● PROBLEM STATEMENT
Report how many lines of the following entries include the string "Bedroom"; respond with the number alone.

● DATA RECORDS
+--

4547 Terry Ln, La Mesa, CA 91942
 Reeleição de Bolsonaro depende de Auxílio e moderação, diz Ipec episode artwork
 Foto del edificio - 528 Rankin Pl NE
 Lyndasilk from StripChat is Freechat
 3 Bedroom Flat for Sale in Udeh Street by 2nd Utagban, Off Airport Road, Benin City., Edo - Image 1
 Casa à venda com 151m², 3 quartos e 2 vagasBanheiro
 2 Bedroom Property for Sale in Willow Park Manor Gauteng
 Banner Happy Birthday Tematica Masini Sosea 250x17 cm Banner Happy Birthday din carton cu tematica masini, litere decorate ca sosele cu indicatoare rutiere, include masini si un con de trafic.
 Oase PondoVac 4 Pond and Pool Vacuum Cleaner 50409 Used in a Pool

+--

● RESPONSE
2